La ola recientísima de ataques terroristas de Hamás nos manda dos señales claras que han de hacer permanecer despierto a Israel (¿cuándo no lo ha estado?), pero especialmente a sus aliados en todo el globo. El primer mensaje es innegable: el Islam militante no descansa, no se duerme, apenas marca pausas estratégicas y tácticas pero conservando su inclinación a matar, a extorsionar, a amenazar, a aniquilar espacios de libertad y a resolver cualquier disputa a través de la sangre y la destrucción.
El segundo mensaje es más grave: quienes así operan, utilizando como única lengua el idioma de la muerte, gozan estructuralmente (también en países considerados como desarrollados económicamente como España) con grupos y personas aupadas en el poder, de izquierda y extrema izquierda, siempre dispuestas vilmente a lanzar el miserable y abyecto argumento de que, mirando al espejo retrovisor, hay una culpabilidad de los judíos asentados en Tierra Santa al ‘provocar’ al castigado pueblo palestino.

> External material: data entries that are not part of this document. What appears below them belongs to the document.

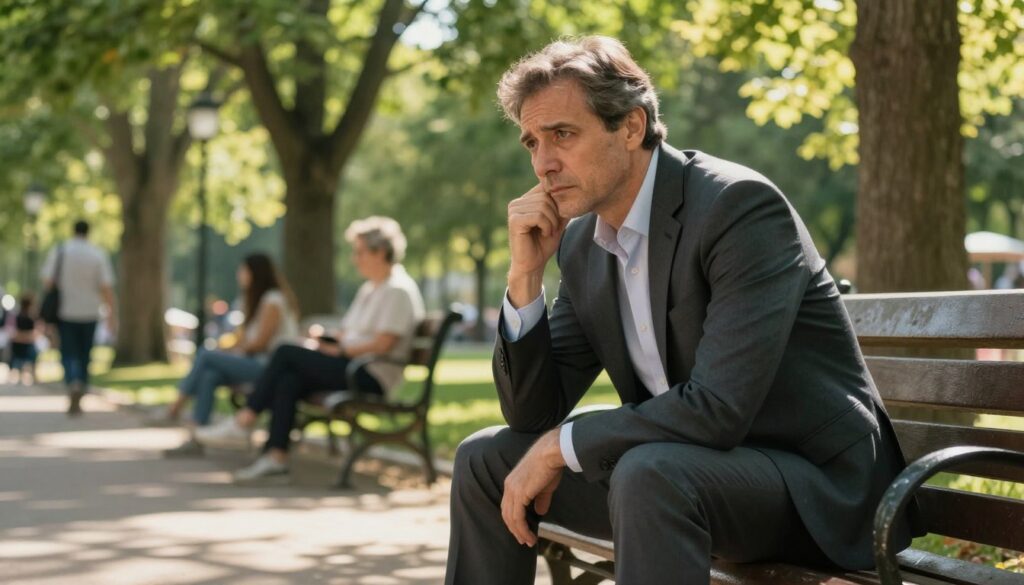A middle-aged man, dressed in professional business attire, sits on a park bench, looking contemplative and pensive. His expression reveals a mix of concern and introspection. Surrounding him are lush green trees and a serene, sunlit park setting, symbolizing life’s transitions. In the background, other people enjoy their day, providing a contrast between the man’s internal struggle and the joyful scene. Soft, warm lighting filters through the leaves, creating dappled shadows on the ground. The angle is slightly tilted to emphasize the man’s profile, capturing the essence of a midlife crisis. The atmosphere is reflective and serene, inviting viewers to ponder the complexities of personal change.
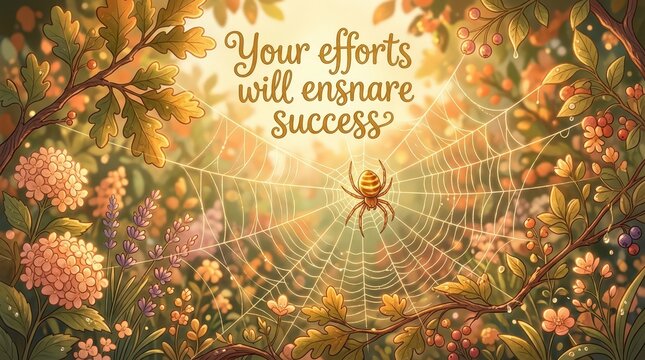 Spider on a web with inspirational text "Your efforts will ensnare Success" amidst a lush garden of flowers and autumn leaves, symbolizing achievement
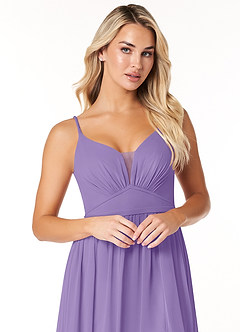 Azazie Rayna Bridesmaid Dresses Tahiti A-Line V-Neck Pleated Chiffon Dress image6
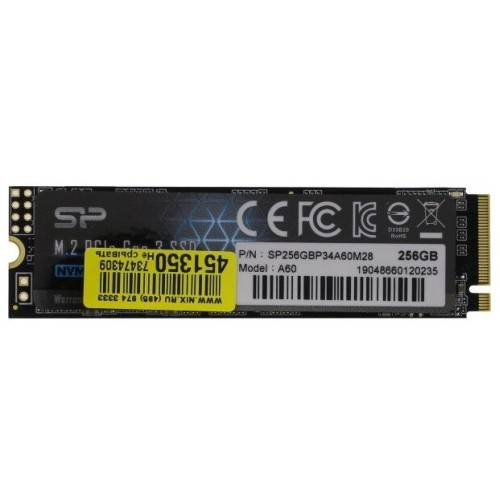 Твердотельный диск 256GB Silicon Power P34A60, M.2 2280, PCI-E 3x4 [R/W - 2200/1600 MB/s]
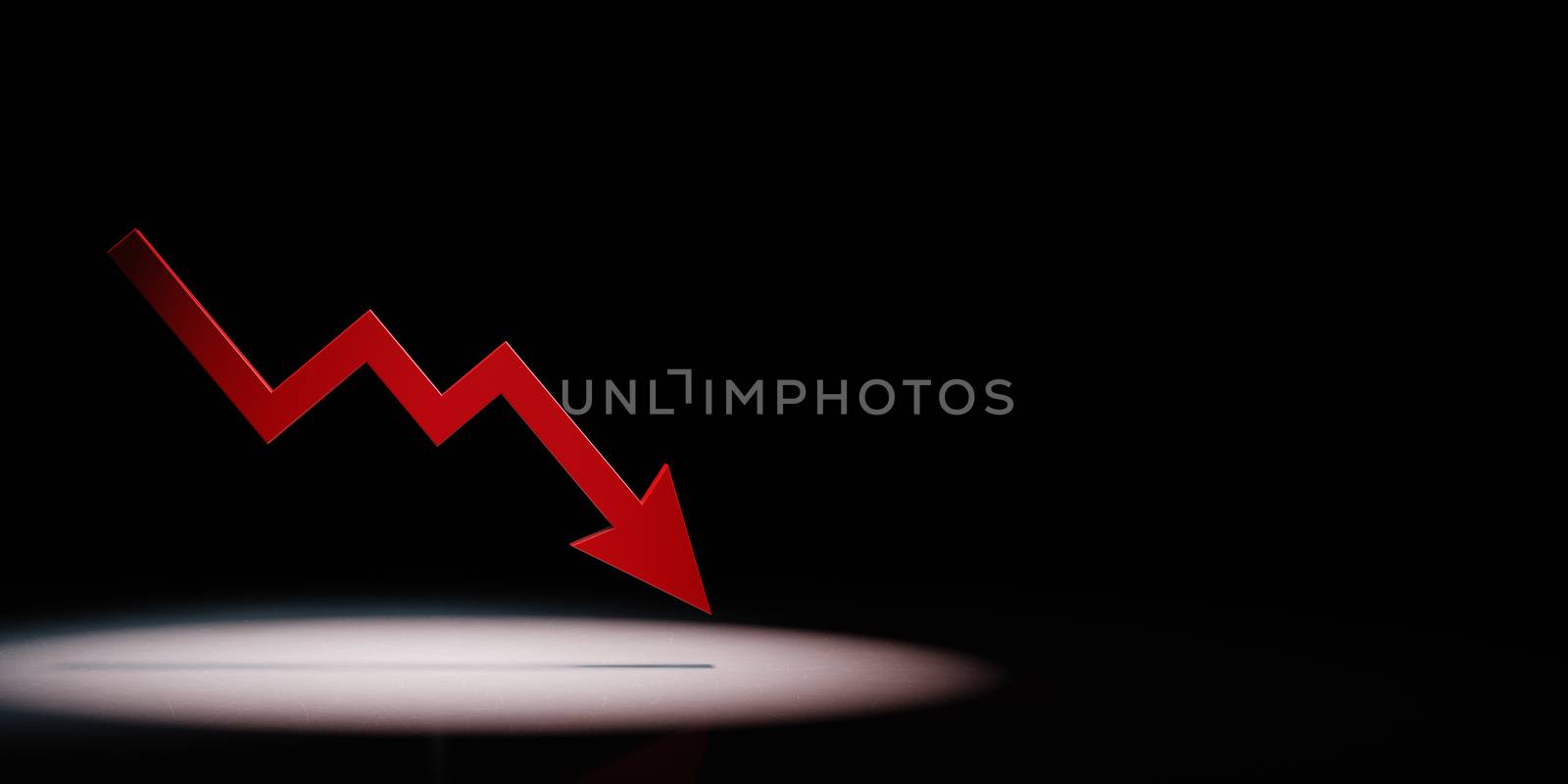 Falling Red Arrow Chart Spotlighted on Black Background with Copy Space 3D Illustration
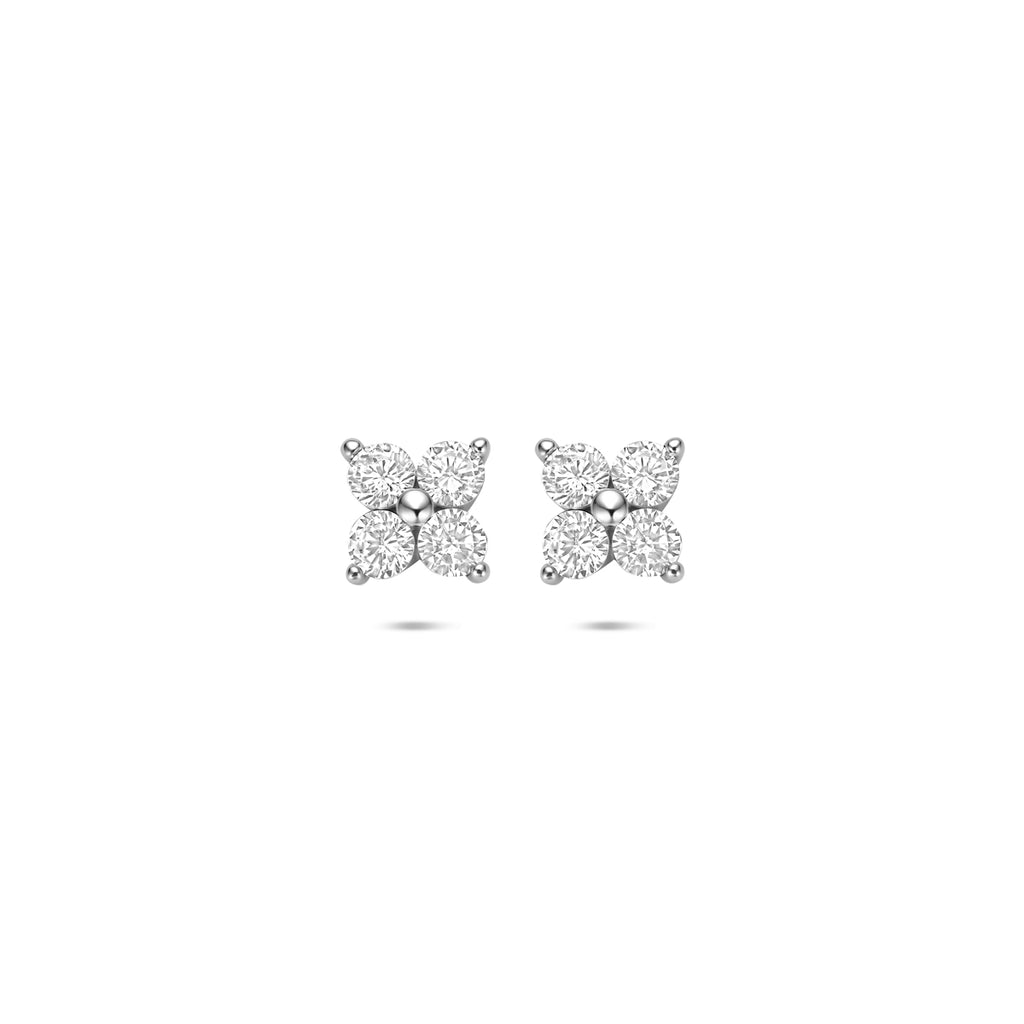 Ohrstecker Zirkonia 6,5 mm rhodiniertes Silber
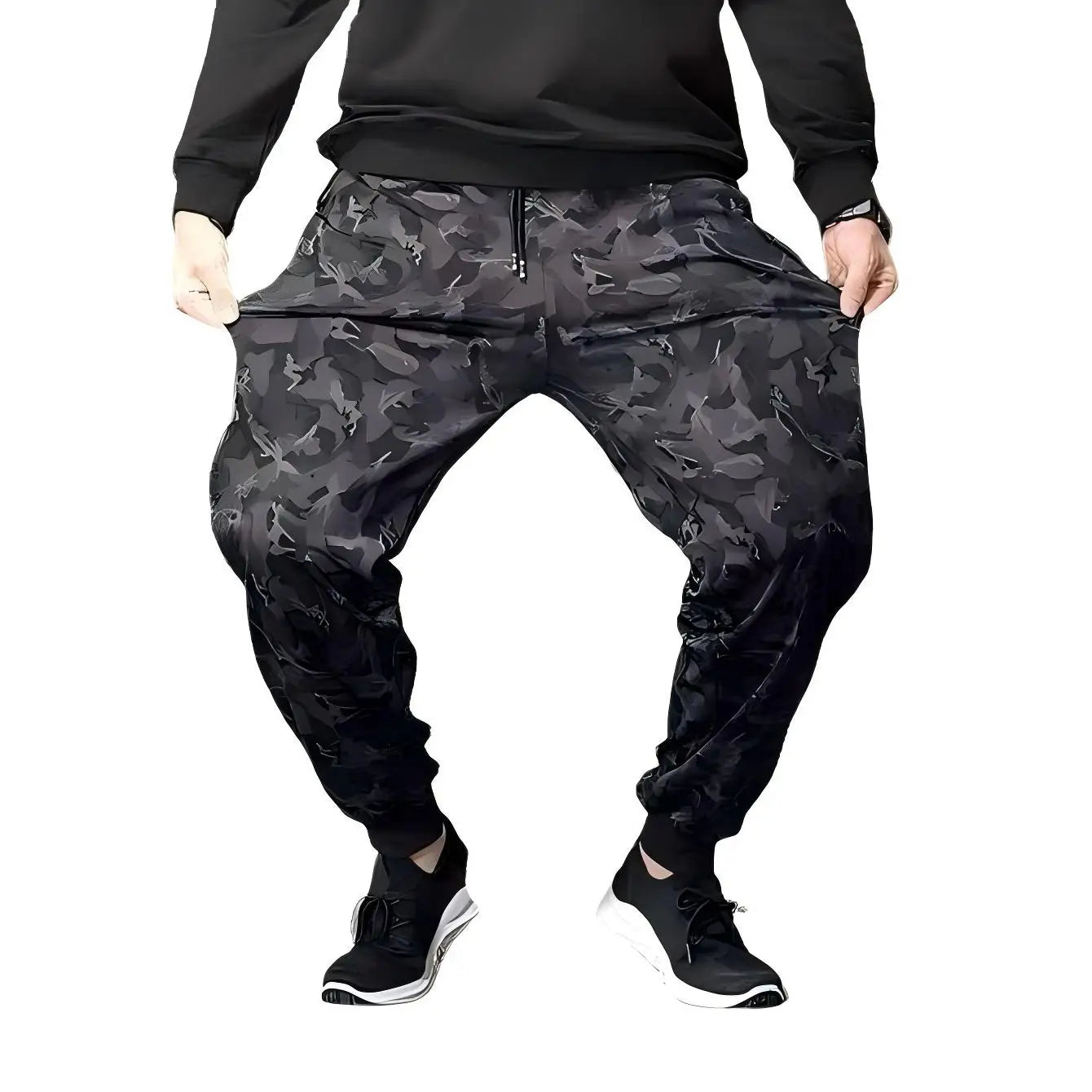 Gym Bodybuilding Fitness Sport Pants Men Casual Training Trousers Elastic Waist Ultra-thin Quick Dry High Waist Loose Long Pants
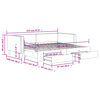 vidaXL Tagesbett Ausziehbar mit Schubladen Creme 90x200 cm Stoff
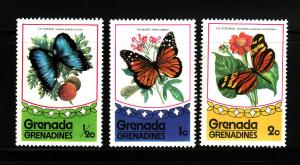 Grenada Grenadines 75-77 MNH Butterflies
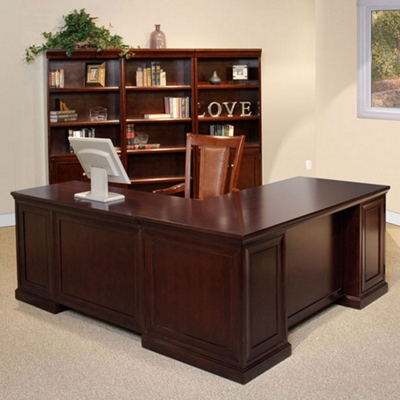 Martin Furniture Espresso LDesk with Set of Bookcases Espresso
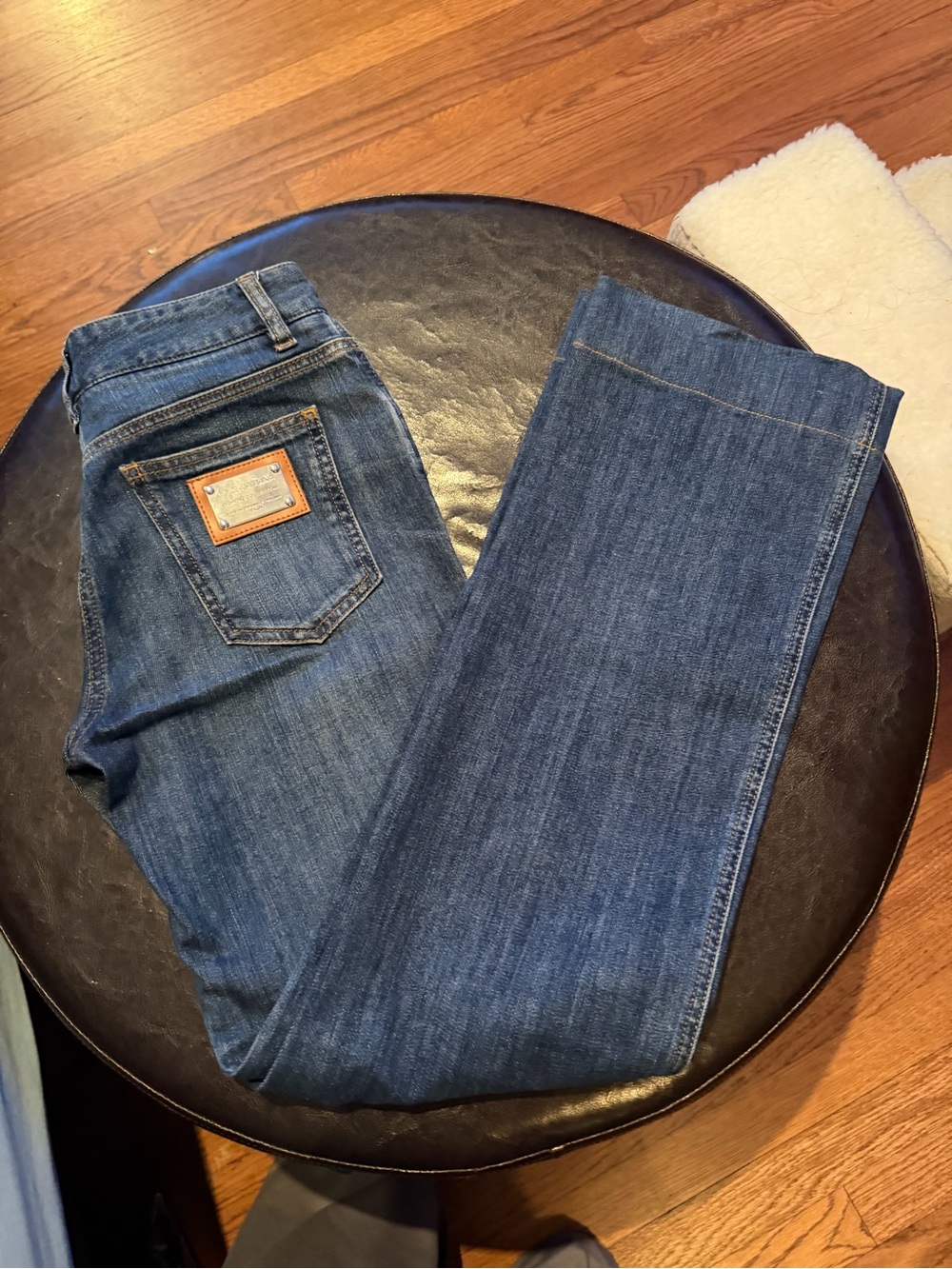 Dolce & Gabbana Blue Denim Jeans with Tan Leather Logo Patch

Una de las causas por las que Israel ha mantenido bajo control sus fronteras y bajo seguridad a su población ha sido el acompañamiento que ha tenido de buena parte de la comunidad internacional (Estados Unidos y en cierta medida Europa), que ha estado del lado de la democracia, de la paz y del Derecho.
Hoy, ese eje transatlántico, obligado también moralmente a actuar como contrafuerte, está enormemente debilitado. En el viejo continente, lleno de caballos de Troya, el antisemitismo es un fenómeno y una pulsión latente. Occidente verá con qué fuerza libra esta guerra y se posiciona del lado del Bien: abandonar a su suerte a Israel, muro hasta hoy inexpugnable de contención del fanatismo, dejaría al enemigo a nuestras puertas; y muchas de ellas -cuesta no verlas- ya están forzadas, derribadas, asaltadas.